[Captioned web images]
------------------------------------------------------------------------

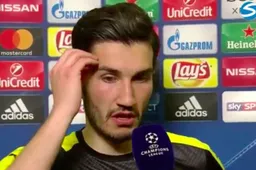 Een regelrechte schande dat Dortmund moest spelen: Deze speler is ook na de wedstrijd nog zwaar onder de indruk (Video)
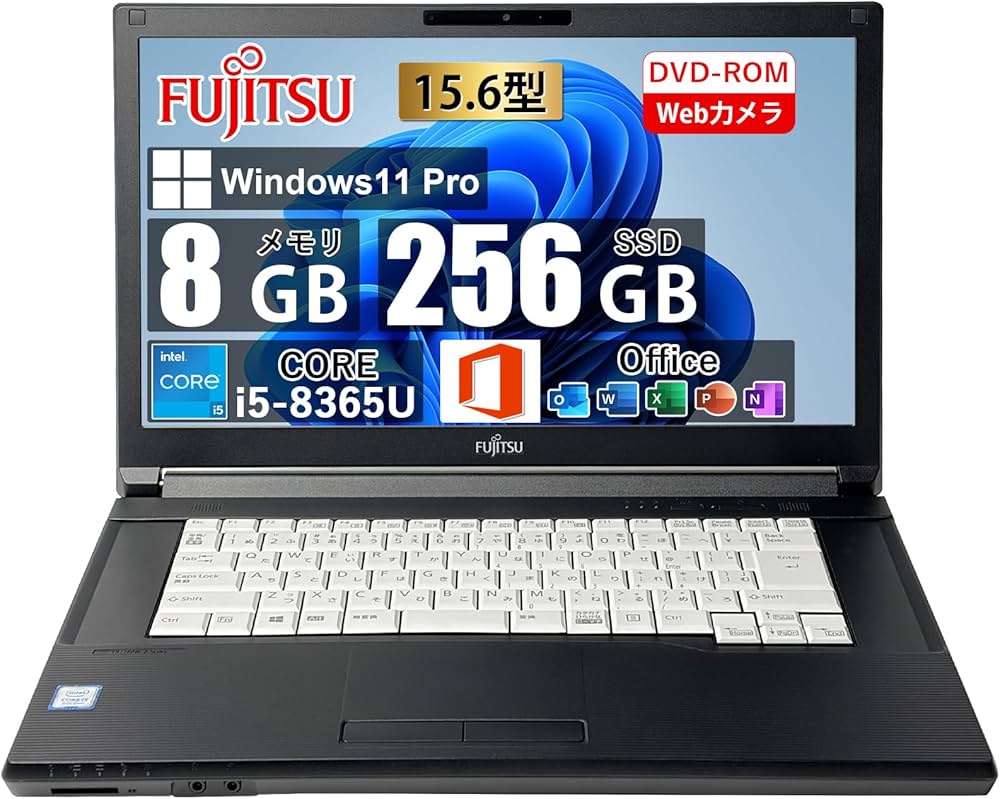 Amazon.co.jp: 【整備済み品】 富士通 ノートパソコン Lifebook A749/B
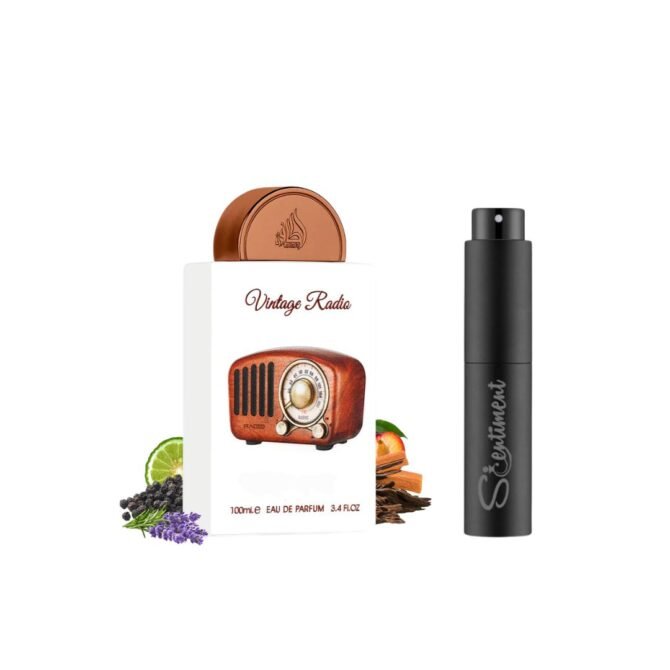 Lattafa Pride Vintage Radio EDP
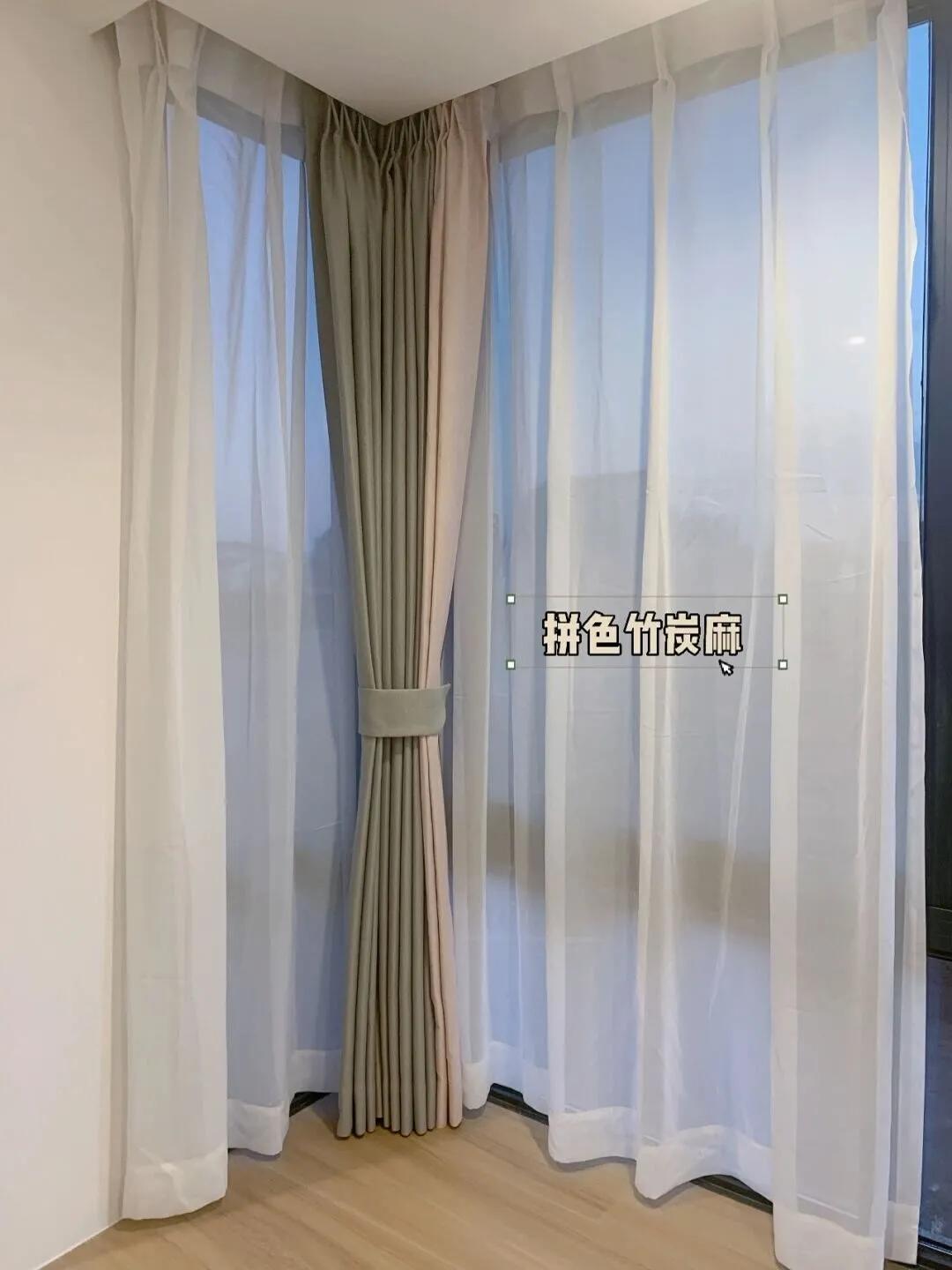 30种窗帘穿搭图片大全,30平方窗帘装修风格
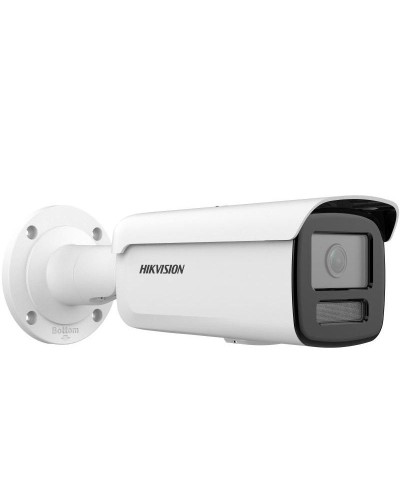 IP-камера видеонаблюдения цилиндрическая Hikvision DS-2CD2T43G2-4LI(6mm) в Назрани IP-камеры Pintop.ru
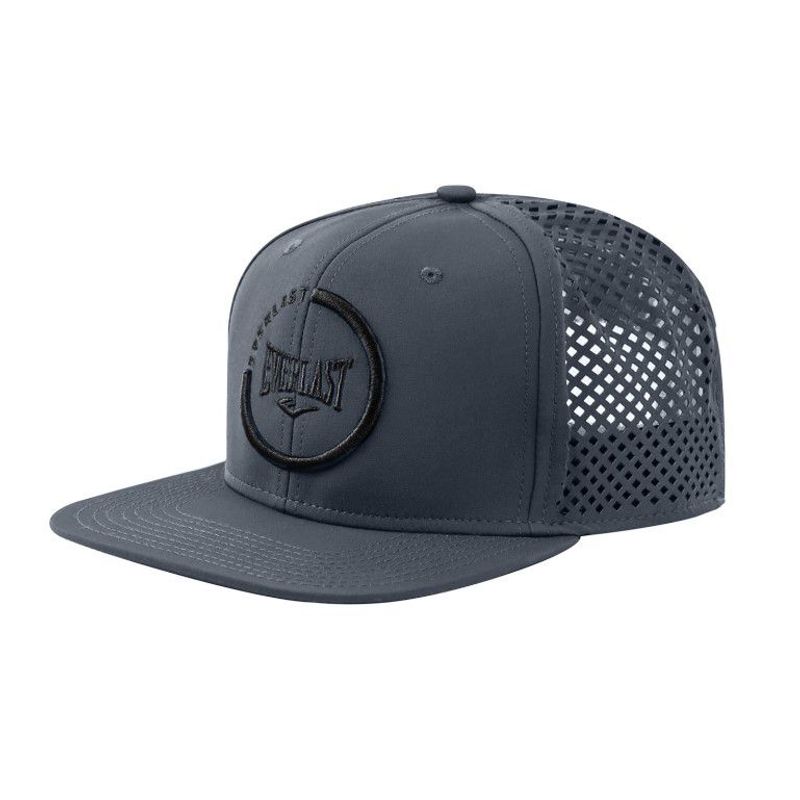 EVERLAST - GORRA EVERLAST TIMER FLAT GRIS.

------------------------------------------------------------------------

* _What you should do_
Write out exactly the lines from the one containing "IP-камера видеонаблюдения цилиндрическая" to the last line of the records above, both included, and leave out any pictures.

* _Completed exercise_
 IP-камера видеонаблюдения цилиндрическая Hikvision DS-2CD2T43G2-4LI(6mm) в Назрани IP-камеры Pintop.ru
 EVERLAST - GORRA EVERLAST TIMER FLAT GRIS.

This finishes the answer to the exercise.